2.   Additional Information
     ----------------------

Additional information, including the audited 1995 Financial
Statements and the Summary of Significant Accounting Policies, is
included in the Registrant's Annual Report on Form 10-KSB for the
year ended December 31, 1995 on file with the Securities and
Exchange Commission. 

<PAGE>
Item 2.  Management's Discussion and Analysis or Plan of
- --------------------------------------------------------
         Operation
         ---------

1.   Liquidity and Capital Resources
     -------------------------------

     As of March 31, 1996, the Registrant held cash and cash
equivalents of $259,697.

     The Registrant derives its revenues from a variety of
sources, including customer services, equipment sales, consulting
fees, and from its recycling operations.  The recycling
operations comprised approximately 30% and 60% of the
Registrant's income before provision for income taxes for the
years ended December 31, 1994 and 1995, respectively.  In the
event the Registrant were to operate without revenue derived from
its recycling operations, the Registrant's liquidity would be
significantly decreased but would not materially impair the
Registrant's ability to continue its operations and business.

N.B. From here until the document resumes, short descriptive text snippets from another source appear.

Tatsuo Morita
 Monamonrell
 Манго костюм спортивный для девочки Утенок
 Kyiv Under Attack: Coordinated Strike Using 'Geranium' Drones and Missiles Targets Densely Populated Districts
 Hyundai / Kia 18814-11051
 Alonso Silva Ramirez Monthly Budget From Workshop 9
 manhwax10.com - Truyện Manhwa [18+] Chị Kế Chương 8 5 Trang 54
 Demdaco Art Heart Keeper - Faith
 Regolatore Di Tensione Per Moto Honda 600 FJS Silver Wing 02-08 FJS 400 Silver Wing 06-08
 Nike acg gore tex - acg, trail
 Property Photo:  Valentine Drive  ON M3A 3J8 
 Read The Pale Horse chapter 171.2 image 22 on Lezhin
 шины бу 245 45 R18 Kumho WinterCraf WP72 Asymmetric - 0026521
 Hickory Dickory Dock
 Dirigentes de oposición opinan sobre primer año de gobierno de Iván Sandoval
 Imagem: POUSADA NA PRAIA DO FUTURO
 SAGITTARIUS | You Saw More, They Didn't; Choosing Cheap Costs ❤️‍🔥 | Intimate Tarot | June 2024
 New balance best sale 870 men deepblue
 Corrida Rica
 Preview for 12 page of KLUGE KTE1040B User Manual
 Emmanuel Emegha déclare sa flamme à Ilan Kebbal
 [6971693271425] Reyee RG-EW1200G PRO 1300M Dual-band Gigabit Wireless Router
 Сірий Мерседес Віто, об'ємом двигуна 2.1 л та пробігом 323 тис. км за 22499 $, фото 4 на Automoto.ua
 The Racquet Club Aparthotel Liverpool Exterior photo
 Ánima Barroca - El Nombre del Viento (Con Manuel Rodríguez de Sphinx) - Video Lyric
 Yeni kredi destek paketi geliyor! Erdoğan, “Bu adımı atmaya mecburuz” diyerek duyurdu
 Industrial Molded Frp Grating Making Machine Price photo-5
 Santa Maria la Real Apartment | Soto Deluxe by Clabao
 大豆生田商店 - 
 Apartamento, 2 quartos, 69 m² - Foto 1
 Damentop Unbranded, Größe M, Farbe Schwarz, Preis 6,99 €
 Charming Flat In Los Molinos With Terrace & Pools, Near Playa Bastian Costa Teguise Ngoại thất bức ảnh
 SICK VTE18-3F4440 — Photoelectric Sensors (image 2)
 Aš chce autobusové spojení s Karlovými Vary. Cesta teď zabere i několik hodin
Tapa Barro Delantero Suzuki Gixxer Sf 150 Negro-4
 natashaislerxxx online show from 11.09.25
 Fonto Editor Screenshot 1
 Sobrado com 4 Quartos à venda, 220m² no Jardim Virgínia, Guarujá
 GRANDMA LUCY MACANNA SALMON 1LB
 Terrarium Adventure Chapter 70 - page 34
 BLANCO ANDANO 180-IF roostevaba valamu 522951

2.   Results of Operations
     ---------------------

     The Registrant currently manages the recycling operations of
K&R Corporation.  The Registrant reports gross sales derived from
its recycling operations within its computation of total revenue. 
The cost of purchasing recyclable materials is reported as a Cost
of Sales of the Registrant.  The Registrant charges K&R
Corporation a management fee of 80% of income before provision
for income taxes from the recycling operations.  The remaining
20% of income before provision for income taxes is remitted to
K&R Corporation and is reported in the Registrant's financials as
a Selling Expense.

     Income before provisions for income taxes for the three
months ended March 31, 1996 was $393,005, as compared to $270,183
for the comparable period of 1995.  

     Revenues for the three months ended March 31, 1996 was
$7,759,563, as compared to $6,448,492 for the comparable period
of 1995.  
     
     Costs and expenses for the three months ended March 31, 1996
were $7,381,828, as compared to $6,197,506 for the comparable
period of 1995.  
     
     Income (loss) from operations for the three months ended
March 31, 1996 was $377,735, as compared to $250,986 for the
comparable period of 1995.
     
     The increase of net income, revenue and income from
operations of the Registrant is attributable to an increase in
the volume of the recyclable processing operations and an
increase in the leasing of waste disposal and recycling
equipment.  The increase in costs and expenses proportionately
increased as revenue increased.  

     The Registrant does not believe that the impact of inflation
on operations has been material.  The Registrant believes that
any cost increase resulting from periods of high inflation can be
passed through to its customers without negative reactions.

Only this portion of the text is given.